In a previous post, I briefly mentioned the success my team had applying an agile approach on an offshore project. Here is some more about what we did that worked well for us.In agile methodologies, a co-located team is critical to success - a prerequisite, some would argue. But what if you're stuck with a geopgraphically distributed team? Even worse, what if part of the team is offshore, 15 time zones away, it's members a part of a very different culture, and their English comprehension is limited? Is it possible to be agile in this situation? If so, how?
This is the situation I faced on my recent project. The onshore (US) team was colocated with the customer, and consisted of a project manager, a business analyst, and 2 architects/senior developers. The offshore contingent was located in Hangzhou, China and was a team of 8-10 developers and testers.
The result: we delivered a high-quality application on time, to rave reviews from end users.
How did we make offshore agile work? To some extent, by being less agile, and less offshore. Here is how we organized the project for success.
- Bring your offshore team onshore and have a single colocated team - at the customer site - as early as possible, and for as long as you can. We had our entire China contingent onsite for 3-4 months at the beginning of the project.
Note: obtaining visas can be tricky. We used B-1 visas, although we were pushing the limit on what can be done with B-1's. H-1B and L-1 visas are possbile in some cases. J-1 visas are another option, and there may be organizations that can help you arrange these. BoldTech worked with CAST, the Chinese Association for Science and Technology USA, to obtain L-1 visas for some people.
- Share the vision. The entire team should know and be continually reminded of the vision and road map for the project. What is the end goal? Who are the end users? What are the key features in the next release?
- The offshore team participates in - and drives - demonstrations to the customer.
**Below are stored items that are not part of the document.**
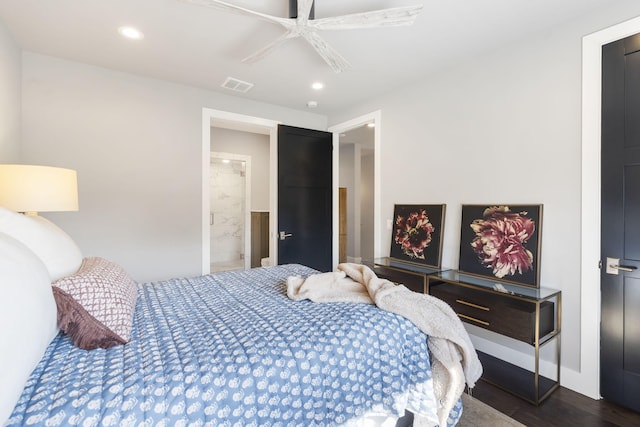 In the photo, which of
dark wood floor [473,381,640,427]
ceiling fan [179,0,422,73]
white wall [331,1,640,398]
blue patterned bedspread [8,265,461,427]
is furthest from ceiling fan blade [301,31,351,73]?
dark wood floor [473,381,640,427]

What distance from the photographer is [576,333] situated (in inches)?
79.1

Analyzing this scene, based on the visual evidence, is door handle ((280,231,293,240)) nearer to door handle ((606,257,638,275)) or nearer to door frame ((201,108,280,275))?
door frame ((201,108,280,275))

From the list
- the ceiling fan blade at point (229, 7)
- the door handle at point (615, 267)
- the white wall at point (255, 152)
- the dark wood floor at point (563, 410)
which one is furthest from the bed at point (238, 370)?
the white wall at point (255, 152)

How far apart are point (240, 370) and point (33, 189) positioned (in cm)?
184

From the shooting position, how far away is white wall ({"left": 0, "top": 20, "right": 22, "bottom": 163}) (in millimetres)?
2121

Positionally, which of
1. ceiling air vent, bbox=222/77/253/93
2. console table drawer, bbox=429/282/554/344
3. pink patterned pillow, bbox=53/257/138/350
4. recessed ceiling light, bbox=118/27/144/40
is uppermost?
ceiling air vent, bbox=222/77/253/93

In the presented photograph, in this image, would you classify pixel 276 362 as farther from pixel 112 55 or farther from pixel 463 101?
pixel 112 55

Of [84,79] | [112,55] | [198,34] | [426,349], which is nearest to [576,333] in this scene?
[426,349]

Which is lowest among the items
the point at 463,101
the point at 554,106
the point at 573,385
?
the point at 573,385

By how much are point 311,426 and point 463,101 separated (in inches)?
109

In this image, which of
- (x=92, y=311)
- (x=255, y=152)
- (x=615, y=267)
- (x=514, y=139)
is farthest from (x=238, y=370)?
(x=255, y=152)

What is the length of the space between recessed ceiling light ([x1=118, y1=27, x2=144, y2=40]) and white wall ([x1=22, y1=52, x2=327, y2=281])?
778 millimetres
Delivering potentially shippable software each iteration has a very tangible meaning to developers if they know they will be personally demonstrating it to the customer. We got lax on this and stopped doing it after the team went back to China - looking back I kick myself for not making it continue.
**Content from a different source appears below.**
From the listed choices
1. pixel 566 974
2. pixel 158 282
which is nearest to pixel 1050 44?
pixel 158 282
- Send US team members to your offshore location. Do this as often and for as long as you can. When the developers returned to China, I spent 4 months in China as the team lead, and brought my family with me. It's hard to find people willing to take that assignment, but you can send various US folks on a rotating basis for shorter visits if that's the best you can do.
- Sufficient analysis and documentation. Once the offshore team was offshore again, scribbling a few notes on a note card wasn't sufficient to communicate requirements. The developers comprehension of spoken English was limited, so thorough requirements documentation became very important. And unless you like to answer the phone at 3 am to answer questions from China, I recommend that you have good-enough documentation. We combined screen mock-ups, narrative text, and use cases, as appropriate for each feature / user story.
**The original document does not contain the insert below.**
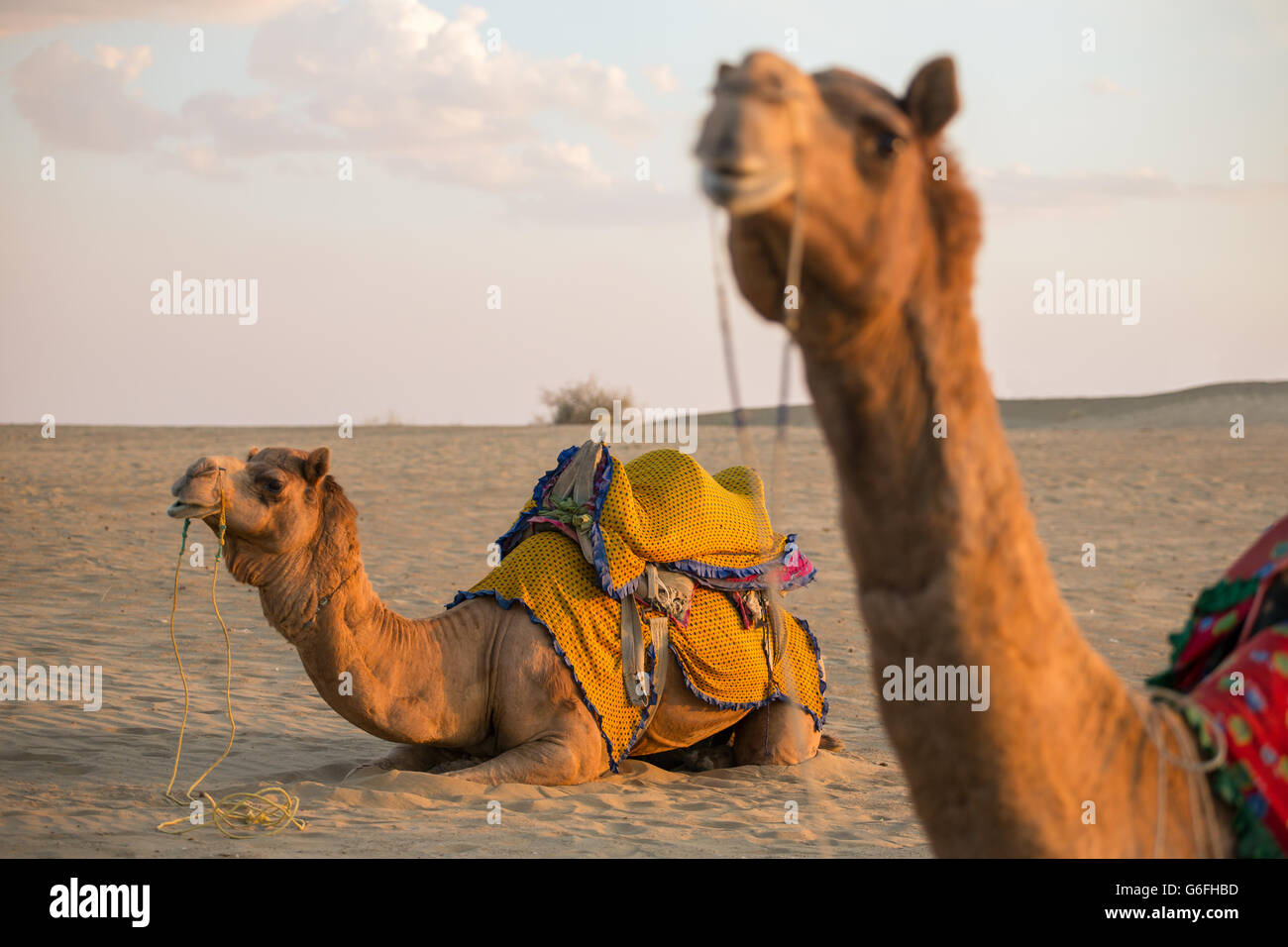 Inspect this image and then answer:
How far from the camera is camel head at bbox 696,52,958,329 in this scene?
1497 mm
- Online collaboration tools. We used XPlanner, Mantis, and Mediawiki. For meetings and communcation, we liberally applied phone calls, web conferences, IM, and email.
- Shift work schedules so working hours between locations overlap
- Adjust your communication style. Listen closely to a conversation between two native English speakers, and you'll quickly learn that a huge proportion of what we say is idioms, expressions, and sayings. "Are we on the same page?" "Don't go down that rat hole." When you're talking to folks from China, you can't talk that way. Slow down, use common, simple words, and avoid the idioms.